He was born Frederick Haydon Perry in 1865 in Oakhill,
near Shepton Mallet, Somerset. His father the Reverend
Frederick Jacob Perry was an Independent Christian
Minister and tutor, born in Watlington, Norfolk; his
mother Jane hailed from Dorset and his eldest sister was
born in Lynton, Devon. It was standard practice that
such Ministers moved around in this way.
By 1881 the family were in Manchester at 26 Yarburgh
Street , Moss Side (then a fashionable suburb) and
Frederick gave his occupation as 'Secretary'.

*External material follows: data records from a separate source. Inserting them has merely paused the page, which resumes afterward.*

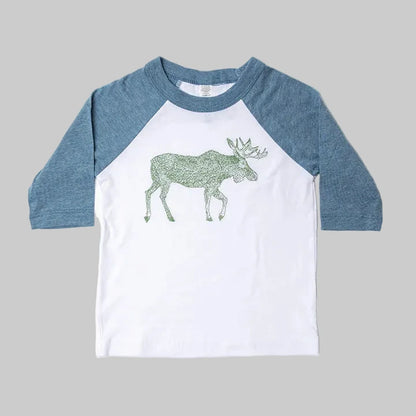 Bird and Buffalo’s kids baseball tee with blue sleeves and a moose design, locally made in Jackson Hole, WY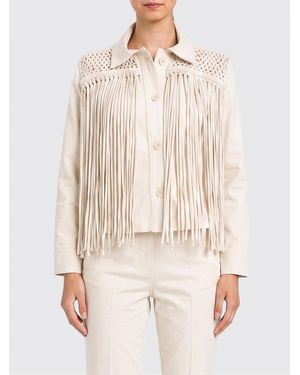 Twinset Fringed Stretch Cotton Bull Jacket - Natural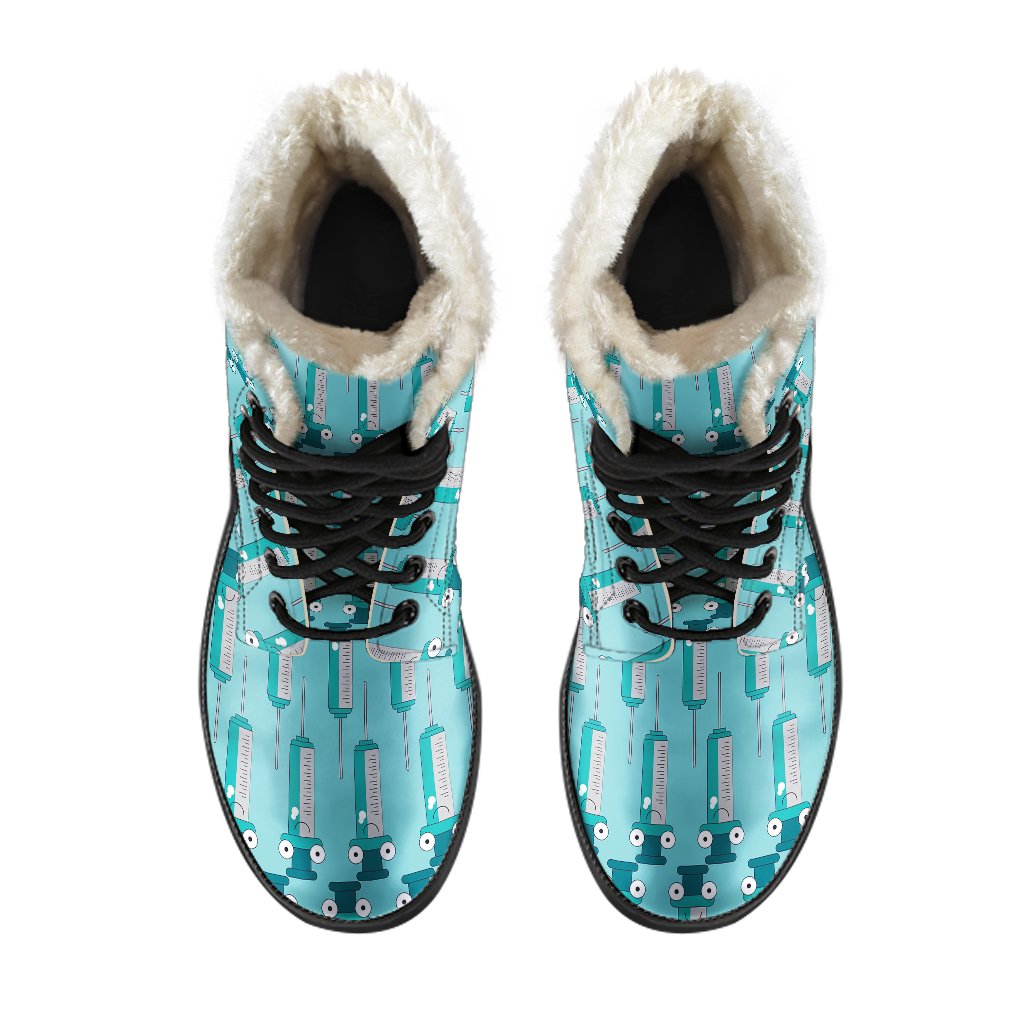 Phlebotomist Concept Design Faux Fur Leather Boots-JTAMIGO.COM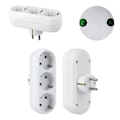 Miniatyrbilde 5 av 5: EU Plugg Tysk Standard 2-hulls 1 TIL 3 Veis Konverteringskontakt Strømadapter Plugg 16A Reiseplugger AC 250V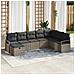 Set di divani da giardino  8 pezzi con cuscini Grigio Rattan Sintetico, Divano da giardino  2 posti con cuscini Grigio Rattan Sintetico - Foto miniatura 2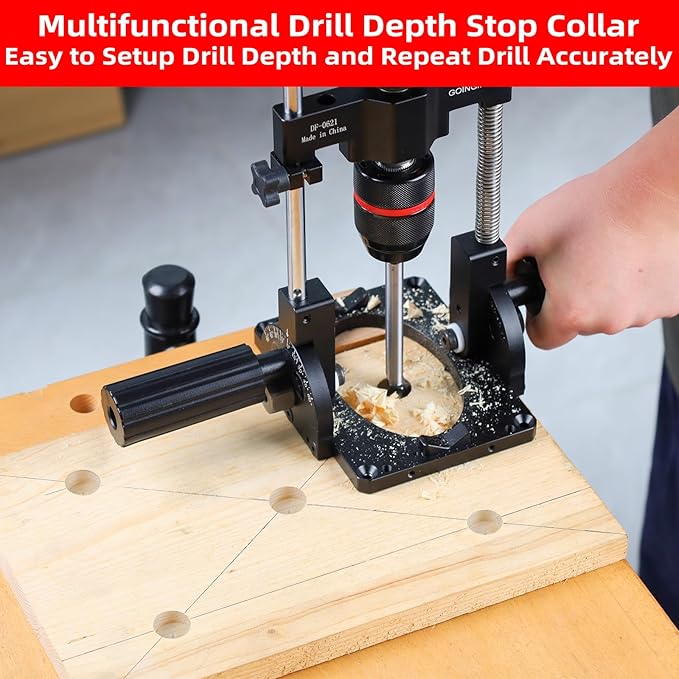 Portable Drill Guide for Straight Holes, Adjustable Portable Drill Press with 1/2" Chuck and Accurate Angle Stops, Precision Drilling Jig Attachment for 0 to 60° Angle for Hand Drill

Frederick died in Manchester in 1882, and Haydon, now aged
25 and working as a journalist) stayed with his mother
Jane ( 'living on own means') and a General Servant,
Isabella Murray at 144 Chorlton Road, Stretford. He
was paying his mother 'six shillings per week for sole use
of the back bedroom and joint use of sitting room'.
Haydon never married. His mother Jane left
Manchester to live with her father-in-law's family in
Gloucestershire, where she died in July 1911. She is
buried, with her husband and a grandson who died in
infancy, in a family grave (section F, non-conformist, no.
1080) in Southern Cemetery. The black marble headstone
stands out clearly among many stone ones.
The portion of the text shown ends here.